Zend Framework 2 : Grab web content using Zend\Http\Client and Zend\Dom\Query
Sometime, we need to grab web content for our application, and then, get the content of selection element ( by tagname for example ). We need DOMElement nodeValue by atributeNode and its textContent. Zend Framework has components that utilize this needed. The components are Zend\Http and Zend\Dom.
For example, i want to grab the titles of the post and links from my latest blog post instead of using RSS, and show in my application like the following :
This is the easy and simple code :
namespace SampleModule; use Zend\Mvc\Controller\AbstractActionController; use Zend\Http\Client as HttpClient; use Zend\Dom\Query; class GrabsampleController extends AbstractActionController { public function grabAction() { $client = new HttpClient(); $client->setAdapter('Zend\Http\Client\Adapter\Curl'); $response = $this->getResponse(); //set content-type $response->getHeaders()->addHeaderLine('content-type', 'text/html; charset=utf-8'); $client->setUri('https://samsonasik.wordpress.com/'); $result = $client->send(); //content of the web $body = $result->getBody(); $dom = new Query($body); //get div with id="content" and h2's NodeList $title = $dom->execute('#content h2'); $content = ''; foreach($title as $key=>$r) { //per h2 NodeList, has element with tagName = 'a' //DOMElement get Element with tagName = 'a' $aelement = $r->getElementsByTagName("a")->item(0); if ($aelement->hasAttributes()) { $content .= '* '; $content .= '<a href='.$aelement->getAttributeNode('href')->nodeValue.'>'; $content .= $aelement->textContent; $content .= '</a>'; $content .= "<br />"; } } $response->setContent($content); return $response; } }
Hi I have really been trying to do this, but for most the endpoints on our API, I have been getting “headers already sent” error once the view loads any idea why that would be?
Actually its turns out to be image urls that are causing the problem. Still no idea why.
have you active curl in your php configuration ? if header already sent, you can add
in first line of the codes.
[…] https://samsonasik.wordpress.com/2012/10/17/zend-framework-2-grab-web-content-using-zend-http-client-… […]
i’m trying to login to a website and save the cookies or HttpClient for later use. The objective is that, the application is not needed to login again while requesting pages that required login. However, by saving the HttpClient and/or cookies as class attribute doesn’t seem to work. The application has to post credentials to the target website, everytime it requests for a page. Is there away to save the login session for later use? Thank you.

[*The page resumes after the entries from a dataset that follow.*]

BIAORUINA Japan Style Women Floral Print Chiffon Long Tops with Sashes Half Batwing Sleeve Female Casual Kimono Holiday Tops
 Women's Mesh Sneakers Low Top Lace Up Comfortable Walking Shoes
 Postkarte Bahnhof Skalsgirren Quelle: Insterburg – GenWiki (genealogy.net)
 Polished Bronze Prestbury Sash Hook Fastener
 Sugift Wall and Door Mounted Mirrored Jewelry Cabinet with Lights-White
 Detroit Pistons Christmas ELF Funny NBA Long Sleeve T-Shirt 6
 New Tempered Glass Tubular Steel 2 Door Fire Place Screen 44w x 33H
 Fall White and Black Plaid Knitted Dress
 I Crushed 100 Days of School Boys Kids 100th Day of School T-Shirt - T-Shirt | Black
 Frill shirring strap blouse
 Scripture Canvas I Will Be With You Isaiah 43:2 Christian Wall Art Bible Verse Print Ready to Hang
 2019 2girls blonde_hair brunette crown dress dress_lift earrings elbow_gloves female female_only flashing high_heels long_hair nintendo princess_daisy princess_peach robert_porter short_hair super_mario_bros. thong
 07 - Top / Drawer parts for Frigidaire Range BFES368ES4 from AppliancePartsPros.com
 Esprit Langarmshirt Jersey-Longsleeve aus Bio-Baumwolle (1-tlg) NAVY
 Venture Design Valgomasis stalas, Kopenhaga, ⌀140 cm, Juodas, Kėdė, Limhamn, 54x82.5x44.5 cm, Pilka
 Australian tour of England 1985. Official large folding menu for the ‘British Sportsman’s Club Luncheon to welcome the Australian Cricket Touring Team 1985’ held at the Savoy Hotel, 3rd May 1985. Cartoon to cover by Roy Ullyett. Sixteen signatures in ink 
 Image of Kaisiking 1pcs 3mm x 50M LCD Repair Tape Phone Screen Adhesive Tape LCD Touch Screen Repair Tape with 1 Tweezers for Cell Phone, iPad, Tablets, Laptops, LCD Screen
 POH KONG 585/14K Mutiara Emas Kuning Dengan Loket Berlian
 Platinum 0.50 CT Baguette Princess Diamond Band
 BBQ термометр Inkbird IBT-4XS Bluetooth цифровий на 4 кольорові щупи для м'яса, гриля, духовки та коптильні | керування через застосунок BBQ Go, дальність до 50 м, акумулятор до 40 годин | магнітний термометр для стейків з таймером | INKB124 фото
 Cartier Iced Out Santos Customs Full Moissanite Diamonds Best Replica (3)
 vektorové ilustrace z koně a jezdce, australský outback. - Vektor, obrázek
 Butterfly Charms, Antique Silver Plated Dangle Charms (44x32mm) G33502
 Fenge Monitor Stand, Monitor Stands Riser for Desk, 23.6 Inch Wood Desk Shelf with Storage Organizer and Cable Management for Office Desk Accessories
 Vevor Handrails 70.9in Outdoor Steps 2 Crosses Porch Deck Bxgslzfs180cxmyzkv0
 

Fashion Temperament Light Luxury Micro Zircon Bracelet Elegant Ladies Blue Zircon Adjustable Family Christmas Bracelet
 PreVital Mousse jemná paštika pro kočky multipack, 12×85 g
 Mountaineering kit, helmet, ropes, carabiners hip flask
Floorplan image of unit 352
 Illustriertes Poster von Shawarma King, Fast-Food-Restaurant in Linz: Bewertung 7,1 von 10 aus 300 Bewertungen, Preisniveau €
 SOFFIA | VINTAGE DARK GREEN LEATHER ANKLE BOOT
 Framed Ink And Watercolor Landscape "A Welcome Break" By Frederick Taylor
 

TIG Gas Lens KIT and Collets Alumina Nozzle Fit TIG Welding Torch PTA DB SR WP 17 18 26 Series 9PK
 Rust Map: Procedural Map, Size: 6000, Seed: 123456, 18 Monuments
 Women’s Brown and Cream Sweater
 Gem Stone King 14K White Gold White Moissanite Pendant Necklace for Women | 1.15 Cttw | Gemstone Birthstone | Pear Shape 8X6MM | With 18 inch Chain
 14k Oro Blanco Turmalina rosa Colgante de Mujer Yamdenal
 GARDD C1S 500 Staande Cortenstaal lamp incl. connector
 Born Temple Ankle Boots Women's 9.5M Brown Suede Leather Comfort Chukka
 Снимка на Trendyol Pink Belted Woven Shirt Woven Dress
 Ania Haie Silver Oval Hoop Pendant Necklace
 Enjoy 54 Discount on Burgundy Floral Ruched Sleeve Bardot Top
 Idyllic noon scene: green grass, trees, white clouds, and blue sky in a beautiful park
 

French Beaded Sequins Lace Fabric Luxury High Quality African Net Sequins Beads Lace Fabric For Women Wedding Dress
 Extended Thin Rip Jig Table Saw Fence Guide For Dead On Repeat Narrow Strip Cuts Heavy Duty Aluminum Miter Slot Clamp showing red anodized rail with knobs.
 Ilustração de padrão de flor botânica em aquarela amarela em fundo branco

in general, websites not give privileges to post data from local to remote via non direct access for security reason. If this is your site, You need to create web service to handle this or enable Cross Origin Resource Sharing to post data. If no, you should contact the web master of the site to create some “api” to handle way to login.
ooo, thank you. 🙂
You’re welcome 😉
Hi there, I find your article very interesting, but since I am new to Zend Framework, can you please guide step by step how to grab content and then display it using Zend_Dom_Quey. I mean: take this piece of ….. and put it in a controller, then this piece of code and put it in the Model, then take this piece of code and put it in the view. It would really help me!!!
PA
[…] https://samsonasik.wordpress.com/2012/10/17/zend-framework-2-grab-web-content-using-zend-http-client-… […]
[…] https://samsonasik.wordpress.com/2012/10/17/zend-framework-2-grab-web-content-using-zend-http-client-… […]
[…] https://samsonasik.wordpress.com/2012/10/17/zend-framework-2-grab-web-content-using-zend-http-client-… […]
I got response back from url that 404 bad request using http client. If i am hitting url directly or ajax, it works fine. Why http client isn’t working??
What I have to do if I would like to grab content form HTTPS urls?? Thanks
I remember you already asked at ZF2 group, please ask in there and do learn and effort.